Iwan menyebut, program dan dukungan yang telah dilakukan Kementerian PUPR di antaranya pembangunan rusun melalui Kerja Sama Pemerintah dengan Badan Usaha (KPBU). KPBU merupakan salah satu langkah kolaboratif yang dilakukan oleh Kementerian PUPR dalam menjalankan amanat penyediaan perumahan dengan meningkatkan partisipasi pihak swasta di dalamnya.
Baca juga:
Kementerian PUPR juga mendorong pemberlakuan dan penerbitan Sertifikat Kepemilikan Bangunan Gedung (SKBG). SKBG merupakan tanda bukti kepemilikan atas satuan rusun (sarusun) di atas barang milik negara atau daerah berupa tanah atau tanah wakaf dengan cara sewa.

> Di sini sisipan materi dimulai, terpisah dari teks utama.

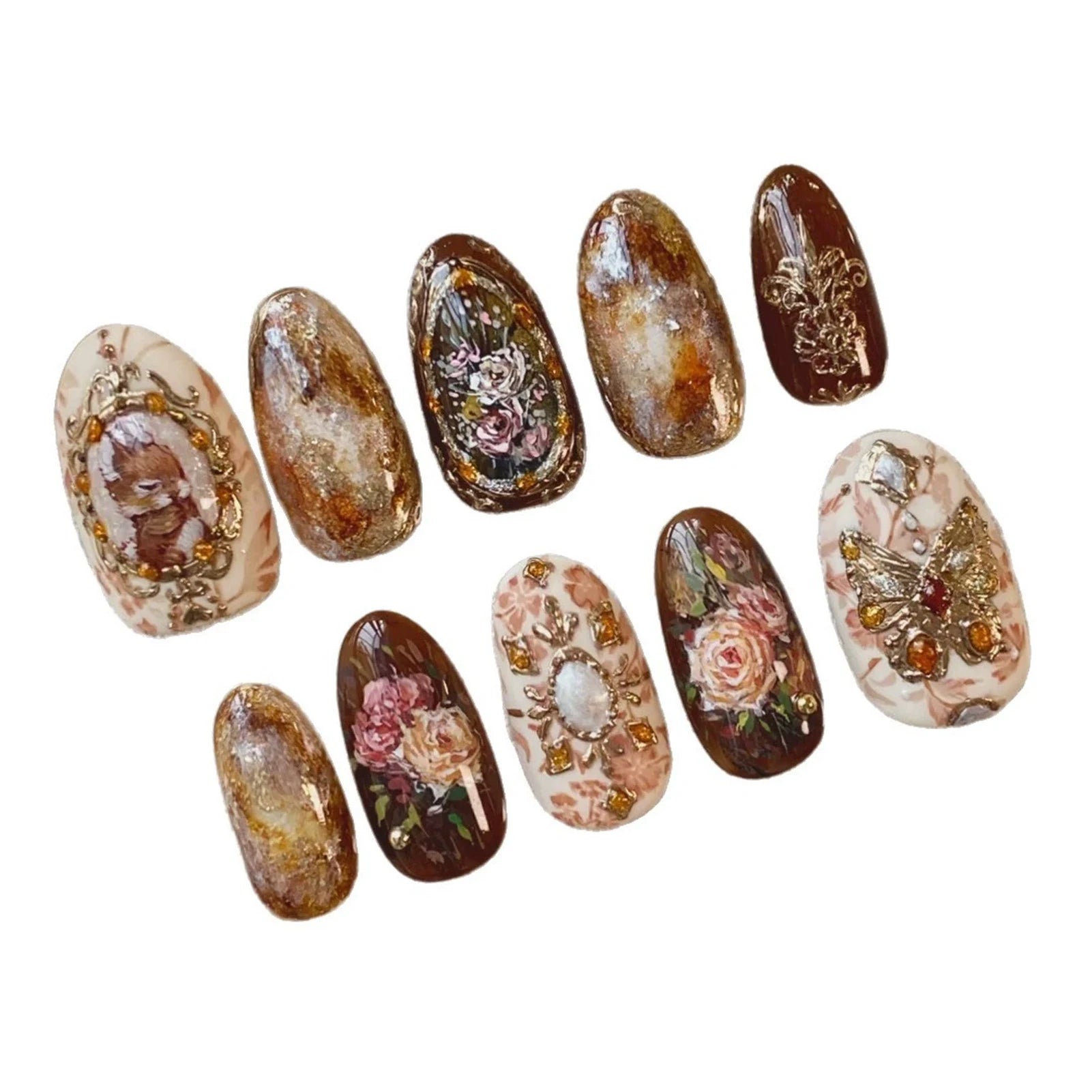 24pcs Amber Rose Floral Design Press on Nails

Konsep SKBG sarusun muncul sejak terbitnya UU Nomor 20 Tahun 2011 tentang Rumah Susun beserta peraturan-peraturan pelaksanaannya yang kemudian substansinya tetap diadopsi dalam UU Nomor 6 Tahun 2023 tentang Cipta Kerja.
"Dalam pelaksanaannya, dibutuhkan kolaborasi dengan berbagai pihak baik kementerian/lembaga/pemerintah daerah maupun pihak swasta" imbuhnya.